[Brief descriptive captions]
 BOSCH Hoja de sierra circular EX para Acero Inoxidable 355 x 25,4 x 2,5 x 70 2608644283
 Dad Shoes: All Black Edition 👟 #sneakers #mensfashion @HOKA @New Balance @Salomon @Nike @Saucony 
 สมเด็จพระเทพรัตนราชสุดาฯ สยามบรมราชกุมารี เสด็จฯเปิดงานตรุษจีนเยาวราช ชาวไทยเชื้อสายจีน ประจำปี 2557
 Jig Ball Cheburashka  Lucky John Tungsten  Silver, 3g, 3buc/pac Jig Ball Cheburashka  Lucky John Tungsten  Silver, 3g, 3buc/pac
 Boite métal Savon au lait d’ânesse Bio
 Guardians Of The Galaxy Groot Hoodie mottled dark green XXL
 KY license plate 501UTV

--

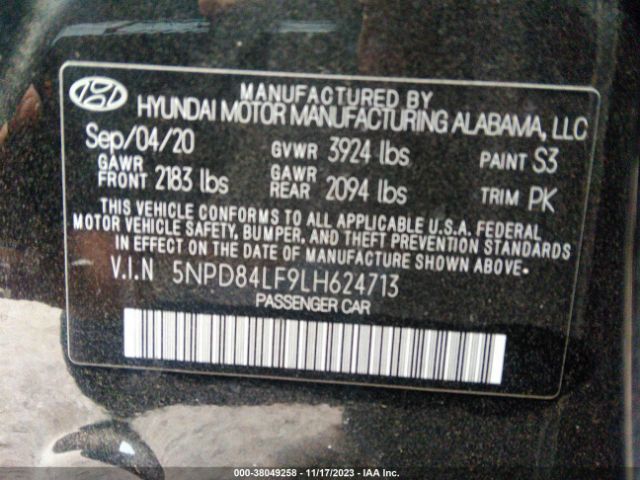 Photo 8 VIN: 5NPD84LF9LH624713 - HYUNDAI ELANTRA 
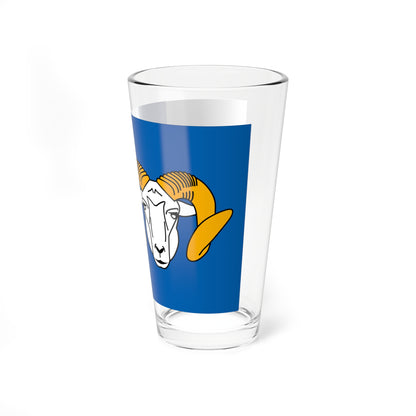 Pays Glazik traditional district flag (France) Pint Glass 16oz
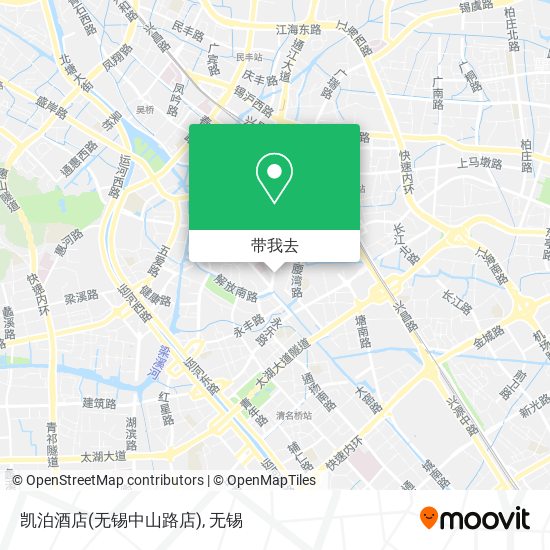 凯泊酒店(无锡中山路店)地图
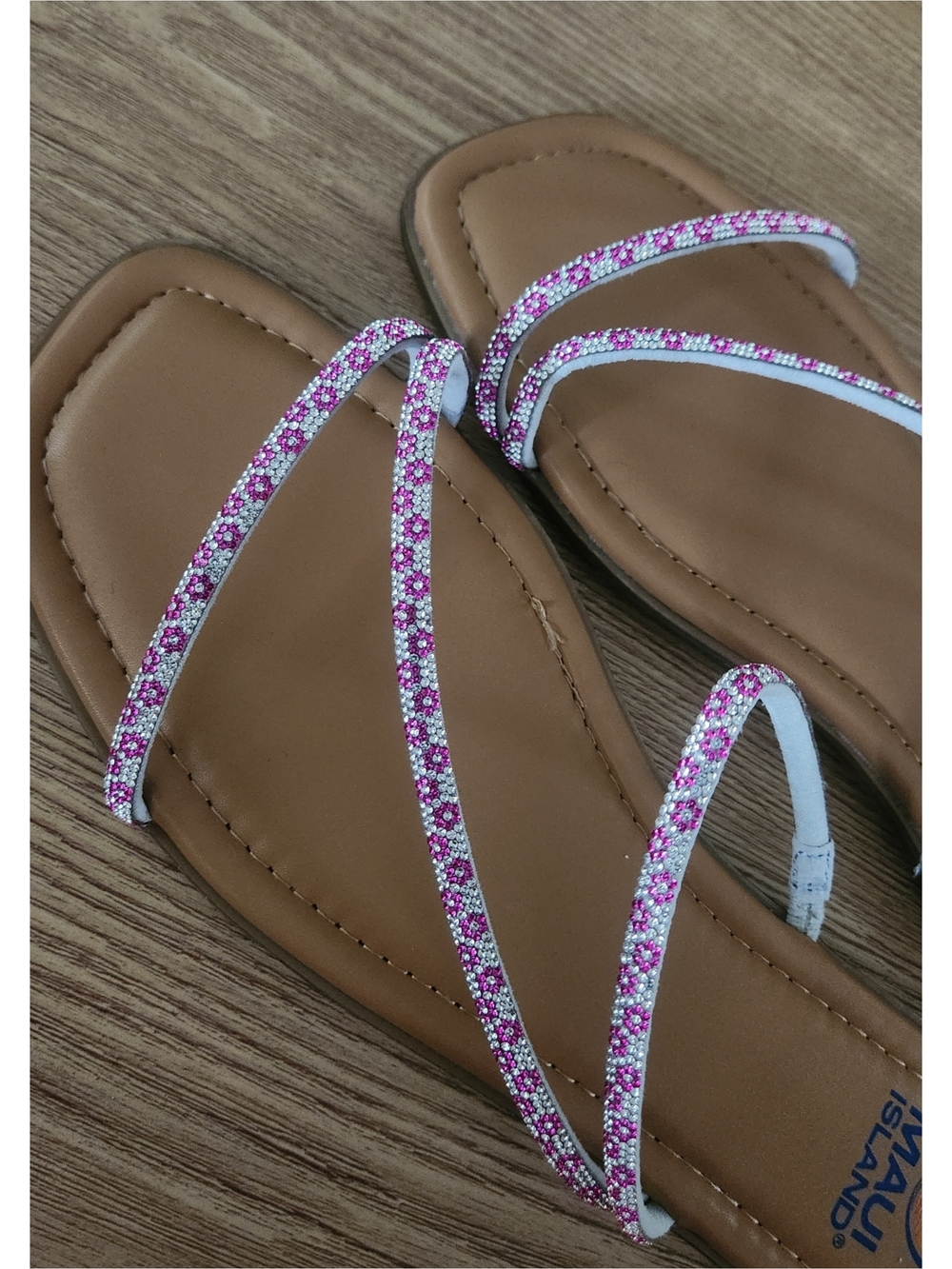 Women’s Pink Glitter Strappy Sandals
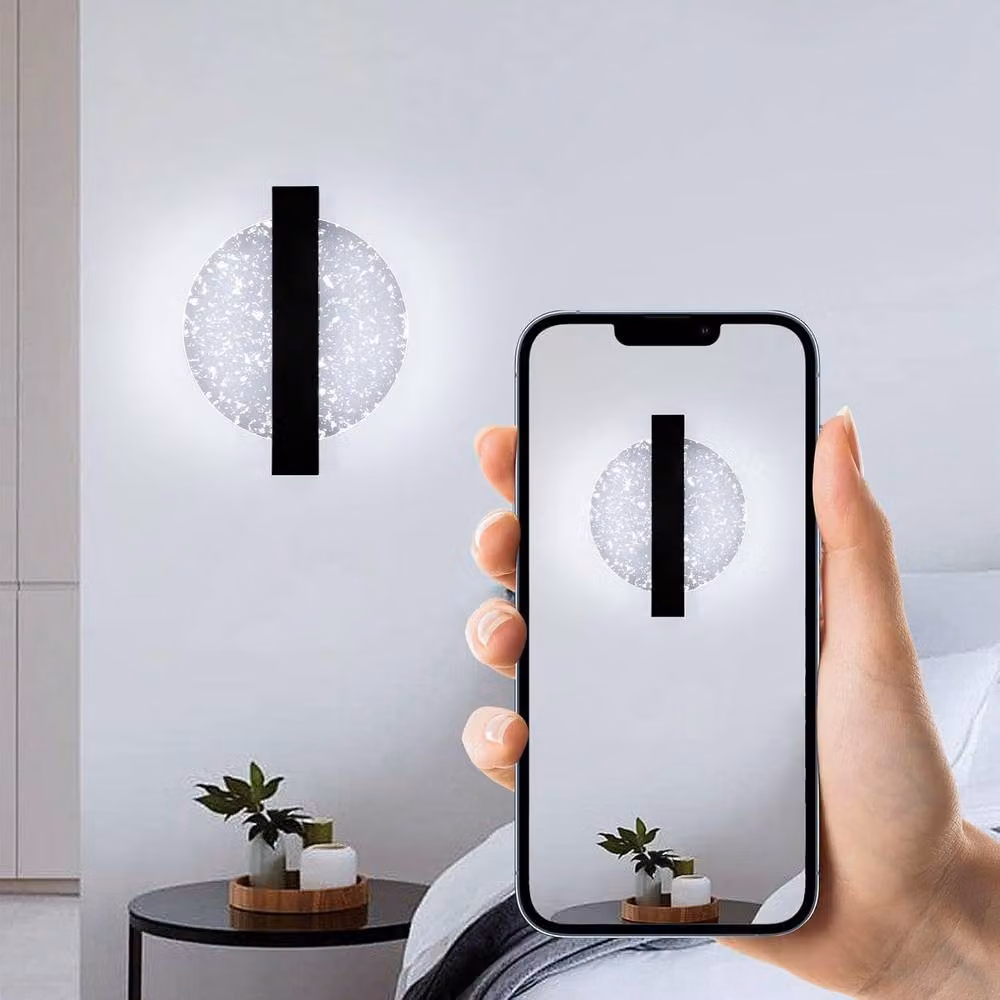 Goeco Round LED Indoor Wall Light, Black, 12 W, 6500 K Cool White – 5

**Aim of the task**
Give the exact lines, and only those, from the line containing "Dad Shoes: All" through the line containing "KY license plate 501UTV" in the entries above.

**Response for this exercise**
 Dad Shoes: All Black Edition 👟 #sneakers #mensfashion @HOKA @New Balance @Salomon @Nike @Saucony 
 สมเด็จพระเทพรัตนราชสุดาฯ สยามบรมราชกุมารี เสด็จฯเปิดงานตรุษจีนเยาวราช ชาวไทยเชื้อสายจีน ประจำปี 2557
 Jig Ball Cheburashka  Lucky John Tungsten  Silver, 3g, 3buc/pac Jig Ball Cheburashka  Lucky John Tungsten  Silver, 3g, 3buc/pac
 Boite métal Savon au lait d’ânesse Bio
 Guardians Of The Galaxy Groot Hoodie mottled dark green XXL
 KY license plate 501UTV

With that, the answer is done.